El científico de datos Julián Peller complementa con el concepto de “desarrollo diferencial”: garantizar que la seguridad y alineación de los modelos avance más rápido que sus capacidades. Aguerre, en tanto, examina iniciativas regulatorias de organismos como Unesco, OCDE o la Unión Europea, que buscan establecer consensos básicos para encauzar la innovación sin dejar todo librado al mercado.

Sobre el futuro y la consciencia

En su ensayo, el experto en neurociencia computacional Enzo Tagliazucchi analiza argumentos a favor y en contra de que una IA pueda tener consciencia. El lenguaje es el medio por el que comunicamos nuestras experiencias subjetivas, y la IA ya está en condiciones de afirmar o negar su propia consciencia, tal como se dio en el caso de LaMDA. Un modelo de lenguaje respecto del cual el ingeniero Blake Lemoine aseveró que se había vuelto sensible, lo que redundó en su despido por parte de Google.

Balmaceda retoma este interrogante señalando que la IA ya nos enfrenta a dilemas éticos concretos. Cree que la clave es preguntarnos a quién beneficia cada tecnología. “Hablar de ella abiertamente nos obliga a preguntarnos: ¿para quién es una mejora esta tecnología? ¿quién se beneficia y quién pierde? Porque, después de todo, la IA nos enfrenta a preguntas fundamentales sobre nosotros mismos. Al imitar la conversación y muchos de nuestros rasgos, nos obliga a repensar qué es lo que nos hace únicos. El debate público, con herramientas filosóficas como la duda, es nuestra mejor defensa para resistir la anestesia de un mundo que avanza rápido y, sobre todo, para recordar que las preguntas más difíciles sobre la IA son, en última instancia, preguntas sobre nuestra propia humanidad”, explica. 

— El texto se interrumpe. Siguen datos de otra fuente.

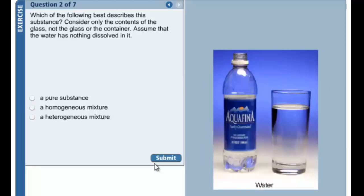Assuming this is purified water, the glass contains only water molecules. Water molecules consist of two hydrogen atoms bound to one oxygen atom, so water is a good example of a compound. Therefore, what's in the glass is not a mixture — it is a pure substance.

En la misma línea, Peller alerta sobre los riesgos existenciales de la llamada AGI —inteligencia artificial general—. Su preocupación está en que estos sistemas puedan alterar de forma radical esferas centrales de la vida social como el trabajo o la política, sin que las sociedades estén preparadas para gestionarlo.

Un debate que recién empieza

En un panorama donde las grandes empresas tecnológicas se imbrican en una especie de carrera espacial y cada día surge una IA nueva, el trabajo colaborativo de El Gato y La Caja —y los autores— logró editar un libro que no perderá vigencia tan fácilmente, enfocándose en ejes fundamentales y abriendo un campo de preguntas más allá de la respuesta inmediata.

Balmaceda defiende la construcción de un lenguaje crítico como herramienta, para que el público general pueda participar activamente en la discusión sobre "cómo las tecnologías reconfiguran nuestra sociedad y nuestra propia humanidad”. 

Subraya también la importancia de una mirada situada: “Es vital que analicemos estos fenómenos desde nuestra propia realidad, con una visión de sur global que entiende que la tecnología no es neutral, sino que refleja los valores y desigualdades de las sociedades que la crean”.

Sin embargo, no conviene cantar victoria antes de tiempo. Este tipo de reflexiones siguen necesitando apoyo e incentivo. Maximiliano Zeller advierte: "Lamentablemente la reflexión filosófica en general —no solo acerca de la IA—, no suele tener mucho lugar en el debate público en nuestro país o región, salvo alguna excepcionalidad. En estos tiempos es aún peor, ya que estamos en el marco de una acción deliberada del gobierno actual que ha resuelto producir un suicidio académico general, desfinanciando a todas las instituciones productoras de conocimiento como el Conicet y las universidades, produciendo la fuga de miles de valiosos investigadores que costaron años de formación a toda la sociedad”.